NVIDIA offers [Docker containers](https://docs.docker.com/get-docker/) for your preferred [deep learning framework](https://developer.nvidia.com/deep-learning-frameworks) through the [NGC catalog](https://catalog.ngc.nvidia.com/?filters=&amp;orderBy=weightPopularASC&amp;query=).

### GPU Acceleration

Enable GPU acceleration using [NVIDIA CUDA](https://developer.nvidia.com/cuda-toolkit)® Toolkit and NVIDIA [CUDA Deep Neural Network library](https://developer.nvidia.com/cudnn) (cuDNN). The toolkit includes GPU-accelerated libraries, debugging and optimization tools, a C/C++ compiler, and a runtime library. While cuDNN offers GPU-accelerated library of primitives for deep neural networks.

### Multi-GPU Acceleration   

Achieve multi-GPU acceleration using NVIDIA [Magnum IO](https://github.com/NVIDIA/MagnumIO)™ and [NCCL](https://developer.nvidia.com/nccl). A variety of software and techniques support [distributed training](https://docs.nvidia.com/ai-enterprise/deployment-guide-multi-node/0.1.0/workflows.html), allowing multiple GPUs to train larger deep learning models. These libraries are compatible with all NVIDIA networking solutions, including NVLink™ and NVSwitch™.

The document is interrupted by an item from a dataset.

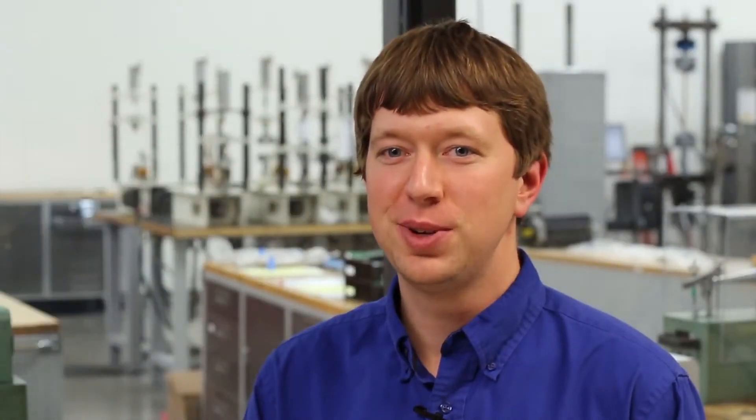First, we're going to look at the two ISO standards. We'll then discuss ASTM F1714.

### Mixed-Precision Training  

[Mixed-precision training](https://docs.nvidia.com/deeplearning/performance/mixed-precision-training/index.html) is a technique that uses lower-precision floating-point numbers (e.g., half-precision) to accelerate training by using [Tensor Cores](https://www.nvidia.com/en-us/data-center/tensor-cores/). Learn more about using [automatic mixed precision for major deep learning frameworks](https://developer.nvidia.com/automatic-mixed-precision).

### NVIDIA DALI®

[NVIDIA Data Loading Library (DALI®)](https://developer.nvidia.com/dali) is a portable, open-source software library that can be used for decoding and augmenting images, videos, and speech. This helps accelerate DLI applications by reducing data access latency and training time.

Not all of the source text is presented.